# Newbie - problem with Steam Wand on Gaggia Classic



## mno101 (Feb 4, 2011)

hello everybody,

i am brand new to the espresso machine world. I have just got a Gaggia Classic which I have up and running for espressos (thks to the posts on the correct use of the pressurised baskets !)...however...when I went to steam some milk the end of the steam wand blew off (the black plastic bit).

The only way it works is holding it to the side of the jug. Is this they way it should be used ?

thks

mno101


----------



## Filthy_rich85 (Jan 20, 2011)

Mno101- majority of gaggia classic owners mod their machine with the rancilio silver steam wand replacement, these can be found relatively cheap at happydonkey and I believe there is a thread on how to replace it on the forum somewhere. As for the steam wand you have now, I don't have a classic but as long as you have a long enough nozzle to reach into the middle of the milk after you surf the surface you should be fine. The plastic is as far as I'm aware a froth assister


----------



## DonRJ (Apr 3, 2010)

The steam wand attachment (panarello) you have is held on by tightening the plastic collar at the top of it so it grips, it should have iirc a rubber O ring in the assembly which compresses as you tighten up and grip the metal steam wand.

As Filthy says, a favoured modification is to swop it for the Rancilio Silvia one


----------



## DonRJ (Apr 3, 2010)

You could as an alternative get one of these (see link)

http://cgi.ebay.co.uk/Gaggia-Coffee-Maker-Machine-Pannarello-Milk-Frother-/160459790241?pt=Coffee_Machines_Makers&hash=item255c2617a1

It is an alternative design to the Gaggia one, if you leave the outer sleeve off, it acts as an extension to the rather short Gaggia steam arm allowing traditional style milk frothing.


----------



## BanishInstant (Oct 12, 2009)

DonRJ said:


> You could as an alternative get one of these (see link)
> 
> http://cgi.ebay.co.uk/Gaggia-Coffee-Maker-Machine-Pannarello-Milk-Frother-/160459790241?pt=Coffee_Machines_Makers&hash=item255c2617a1
> 
> It is an alternative design to the Gaggia one, if you leave the outer sleeve off, it acts as an extension to the rather short Gaggia steam arm allowing traditional style milk frothing.


I have one of these wands and they are much better.

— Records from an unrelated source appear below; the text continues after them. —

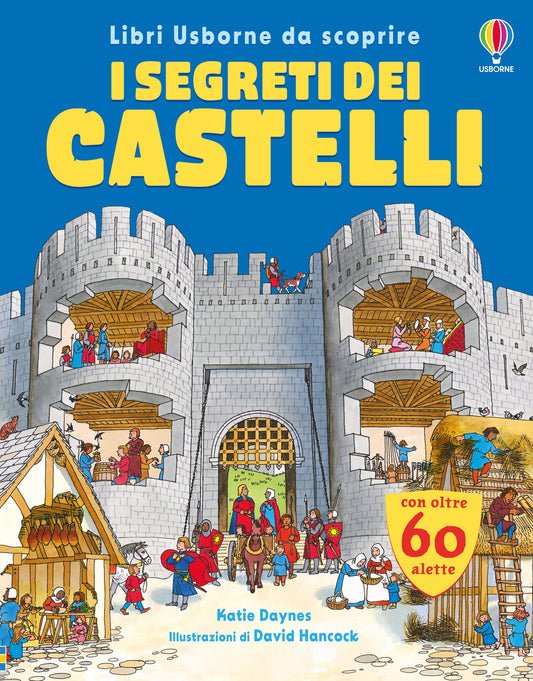 I segreti dei castelli - Katie Daynes - Usborne - copertina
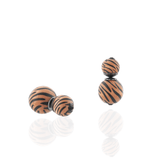 Ebony Double Studs - Wildwood,Earrings, Sassy Jones,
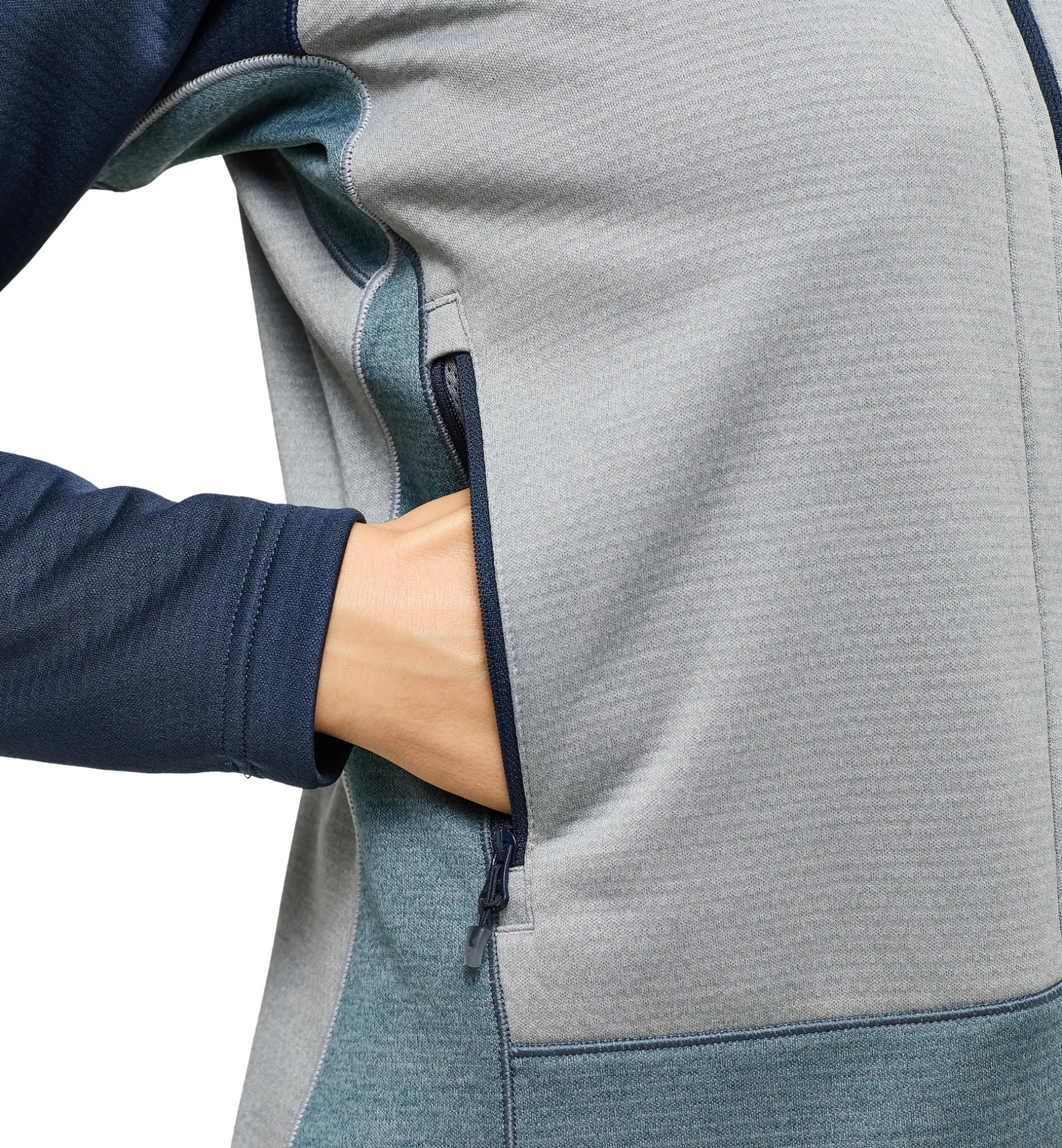 ROC Flash Mid Hood Women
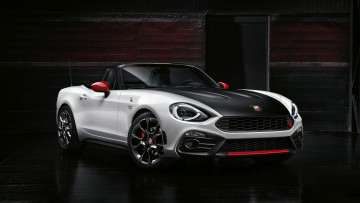 обоя fiat abarth 124 spider 2017, автомобили, fiat, abarth, 124, spider, 2017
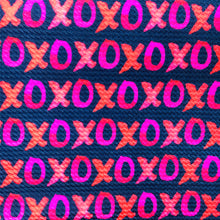 Load image into Gallery viewer, xoxo valentines day printed fabric
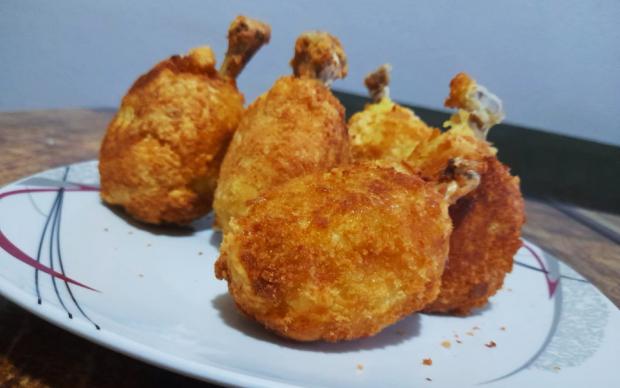 Patates Kaplamalı Baget Tarifi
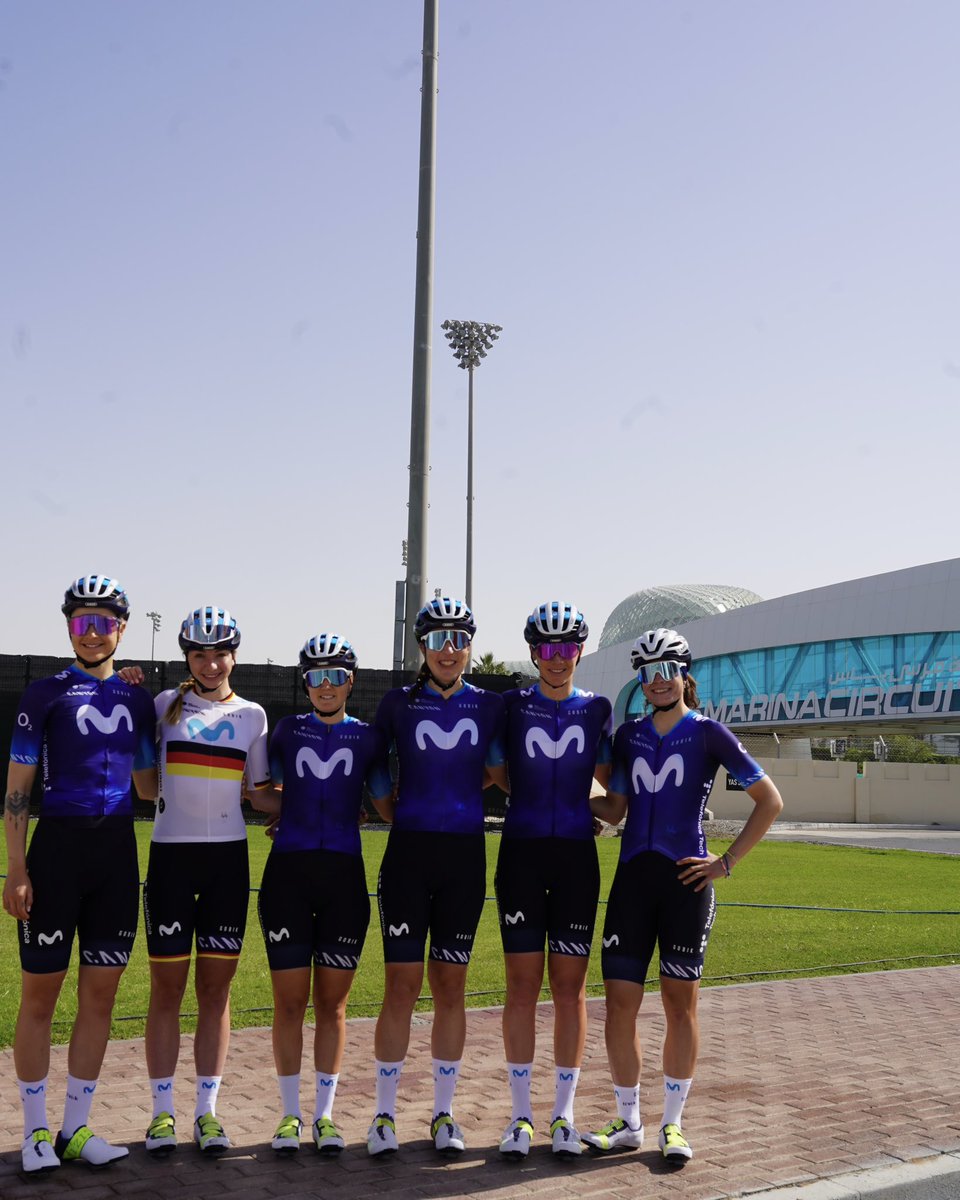 💙Ⓜ️🇦🇪 #UAETourWomen | #RodamosJuntos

Assuming you are just using the inner wand, if you want to create volume you need to hold the tip near the surface so that you hear a slurping sound - be careful not to create lots of large bubbles. You then plunge the wand deeper into the milk to maintain the volume level.


----------



## Eyedee (Sep 13, 2010)

I too use one of those wands without the outer cover on and it works for me.

Ian


----------



## mno101 (Feb 4, 2011)

thanks for the replies everybody. I reckon I will go with the Rancilio wand ...meanwhile i have been able to operate without the gaggia panarello.

thks again

mno101


----------